Other concerns include how many trips a pitching coach, the catcher or manager make to the mound. Hitters stepping out of the box to readjust their batting gloves after every pitch adds time to the game.
Is it necessary to throw the ball around the horn after every out? If there’s a strikeout, why not have the catcher simply throw the ball back to the pitcher?
Pitching changes also adds to the length of a game, especially when they’re not between innings.
The four-pitch intentional walk, terminated for the start of the 2017 season, was the scapegoat in the pace-of-game discussion.
In the first couple of weeks of the baseball season, there were 55 of the new abridged freebies, saving 220 pitches and roughly 36 minutes over two weeks. After the first 119 games, the length of a nine-inning game actually jumped to 3 hours, 5 minutes, 45 seconds, according to early data. That’s more than a five-minute increase from last season and almost 10 minutes from 2015.
“Pace of game almost has to be a continually evolving concept in a sport that doesn’t have a clock,” said Chris Marinak, MLB senior vice president, who is overseeing the pace-of-game initiatives. “So we’ll continue to make tweaks to the rules as we think that’s appropriate.
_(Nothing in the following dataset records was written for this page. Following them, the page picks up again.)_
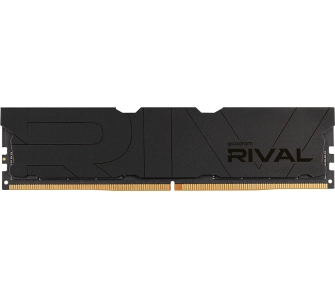 Pamięć RAM GoodRam Rival DDR4 16GB 3600 CL18 Czarny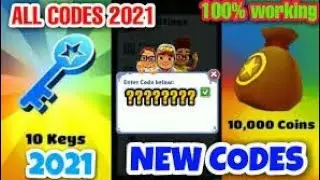 SUBWAY SURFERS CHNG'AN PROMO CODES 2021 SUBWAY SURFERS CODES SUBWAY SURFERS UNLOCK CODES 2021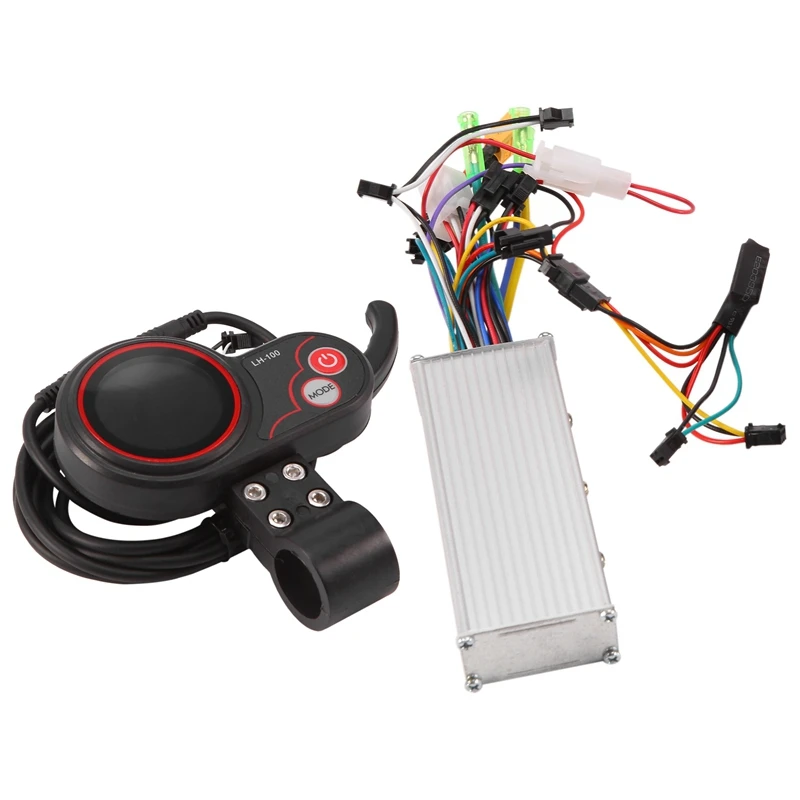 

36V/48V 500W Controller Electric Scooter Instrument Skateboard LH-100 Display Electric Scooter Parts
But at the same time, we have to be cognizant of not changing those core elements that make baseball special.
“We’d like to minimize dead time by taking elements out of the game that are not essential to that core. But we’re not going to do things that change the nature of this sport.”
Are baseball games too long? It depends on who you ask. This much I know: there’s plenty of time to talk about it during the game.